First, what to learn:
The answer in my opinion is how to use type correctly! 90% of every piece of communication uses words on a page. Whether the page be a web page; print advertisement; brochure; signage or end tag on a tv commercial.
Like anything, learn the rules first because only then can you successfully break them.
It may sound boring but typography is the framework that everything else hangs off. No matter how great the image or copywriting may be, if the headline and body copy are set poorly the whole piece will fall down.
Knowing how to use type not only means that your work will look good, but that the message will be clear.
Visually type layout and selection allows a designer to create a message
that can speak various themes and subtleties beyond the literal meaning of the text.

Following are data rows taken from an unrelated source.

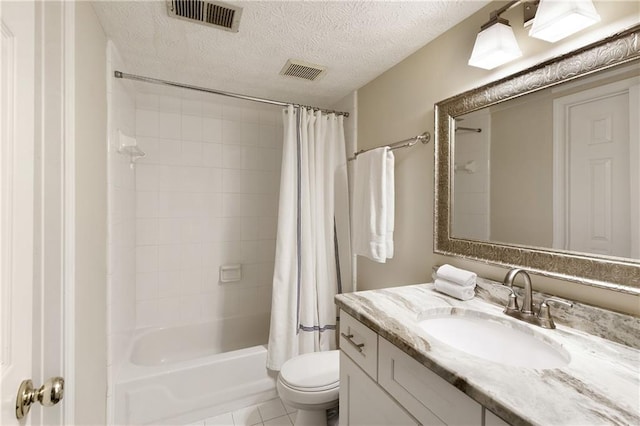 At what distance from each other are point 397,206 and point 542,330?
40.2 inches

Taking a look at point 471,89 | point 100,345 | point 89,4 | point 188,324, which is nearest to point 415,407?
point 471,89

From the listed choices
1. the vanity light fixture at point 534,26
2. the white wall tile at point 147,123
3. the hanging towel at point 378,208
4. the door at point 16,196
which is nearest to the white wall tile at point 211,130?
the white wall tile at point 147,123

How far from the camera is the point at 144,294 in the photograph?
233 centimetres

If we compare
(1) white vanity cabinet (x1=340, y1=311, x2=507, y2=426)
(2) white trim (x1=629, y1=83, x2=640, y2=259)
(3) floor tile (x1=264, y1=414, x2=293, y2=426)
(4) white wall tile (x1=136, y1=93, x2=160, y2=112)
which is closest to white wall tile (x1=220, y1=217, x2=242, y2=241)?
(4) white wall tile (x1=136, y1=93, x2=160, y2=112)

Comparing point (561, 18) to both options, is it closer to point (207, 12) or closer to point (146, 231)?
point (207, 12)

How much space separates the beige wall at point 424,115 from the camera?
0.92 m

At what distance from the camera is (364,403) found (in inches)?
40.8

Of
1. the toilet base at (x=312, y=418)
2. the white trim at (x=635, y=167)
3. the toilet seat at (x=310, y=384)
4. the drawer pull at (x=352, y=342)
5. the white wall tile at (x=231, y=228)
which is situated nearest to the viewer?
the white trim at (x=635, y=167)

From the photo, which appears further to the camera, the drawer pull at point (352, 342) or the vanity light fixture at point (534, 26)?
the drawer pull at point (352, 342)

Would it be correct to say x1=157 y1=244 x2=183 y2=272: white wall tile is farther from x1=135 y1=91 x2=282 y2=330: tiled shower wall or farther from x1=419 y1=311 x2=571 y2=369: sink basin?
x1=419 y1=311 x2=571 y2=369: sink basin

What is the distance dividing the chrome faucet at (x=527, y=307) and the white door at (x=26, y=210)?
4.30ft

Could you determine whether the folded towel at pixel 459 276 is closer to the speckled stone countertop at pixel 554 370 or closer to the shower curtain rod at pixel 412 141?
the speckled stone countertop at pixel 554 370

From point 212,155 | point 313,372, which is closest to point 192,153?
point 212,155

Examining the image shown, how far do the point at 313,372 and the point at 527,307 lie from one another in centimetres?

Another great thing about knowing how to use just type without the need for trendy imagery, means that on a budget where imagery is too expensive or time will not allow for the creation of an illustration/photoshoot, you can still create a stunning piece of design.
Second, what not to get hung up on:
Computer skills and production knowledge. Now I am not saying you don’t need to know how to use industry standard programs and how a job is actually produced. What I am saying (and I have argued with many other designers who disagree with me about this – funnily enough I never thought that much of their work), is to take the time in your study to learn how to actually design! See your knowledge of computer programs as being of
When I look at CVs from graduates for employment opportunities I am interested in how they design, which is to say how good their use of type is; knowledge of design styles and influences; problem solving solutions through design; and layout skills etc. Not how well they use Adobe products.

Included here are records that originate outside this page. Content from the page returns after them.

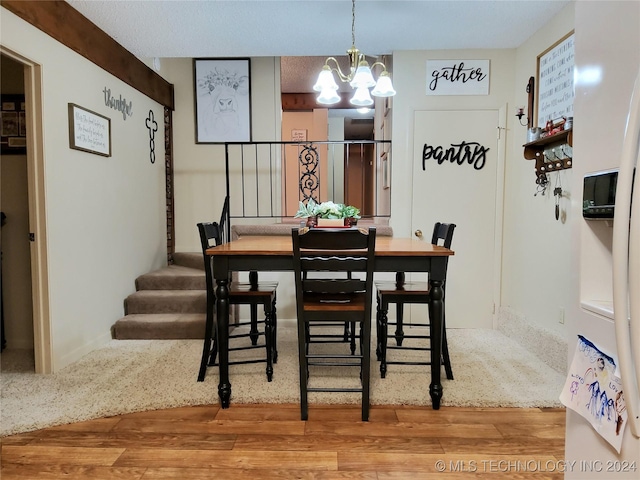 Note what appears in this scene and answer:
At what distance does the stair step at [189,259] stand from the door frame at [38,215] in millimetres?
1640

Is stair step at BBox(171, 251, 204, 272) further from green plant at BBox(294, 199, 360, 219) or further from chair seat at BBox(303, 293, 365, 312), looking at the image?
chair seat at BBox(303, 293, 365, 312)

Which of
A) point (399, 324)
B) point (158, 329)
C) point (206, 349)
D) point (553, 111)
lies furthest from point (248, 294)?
point (553, 111)

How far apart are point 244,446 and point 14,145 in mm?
2788

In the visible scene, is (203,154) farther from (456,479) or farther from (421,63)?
(456,479)

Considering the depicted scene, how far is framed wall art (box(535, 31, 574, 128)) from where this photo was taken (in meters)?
2.59

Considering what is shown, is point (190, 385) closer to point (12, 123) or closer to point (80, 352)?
point (80, 352)

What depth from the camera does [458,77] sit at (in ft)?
11.5

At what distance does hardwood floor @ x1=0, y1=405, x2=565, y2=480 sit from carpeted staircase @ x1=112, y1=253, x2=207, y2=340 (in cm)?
122

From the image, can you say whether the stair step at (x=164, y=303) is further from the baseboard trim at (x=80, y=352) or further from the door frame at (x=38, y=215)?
the door frame at (x=38, y=215)

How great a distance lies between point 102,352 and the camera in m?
2.95

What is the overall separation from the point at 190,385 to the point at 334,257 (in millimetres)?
1264

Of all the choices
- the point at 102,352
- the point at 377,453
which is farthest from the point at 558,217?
the point at 102,352

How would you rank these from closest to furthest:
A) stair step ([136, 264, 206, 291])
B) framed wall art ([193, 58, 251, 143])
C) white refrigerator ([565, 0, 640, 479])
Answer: white refrigerator ([565, 0, 640, 479])
stair step ([136, 264, 206, 291])
framed wall art ([193, 58, 251, 143])

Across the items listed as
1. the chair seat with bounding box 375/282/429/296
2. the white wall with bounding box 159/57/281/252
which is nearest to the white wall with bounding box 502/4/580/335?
the chair seat with bounding box 375/282/429/296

I don’t care how long it took to come up with the solution or if it is commercially viable. I believe it is more important to learn to design when studying than worry about restraints like deadlines or budgets, you get that constantly in the ‘real world’ so worry about that then. You learn quickly enough how to use the programmes etc on the job anyway. You need to ask yourself, do you want to be a finished artist/mac operator or a designer, I have worked in plenty of agencies where I have had Mac operators create the finished art, although I prefer to be hands on from start to finish.
So take the time to learn typography; experiment; push the envelope and have fun while you can.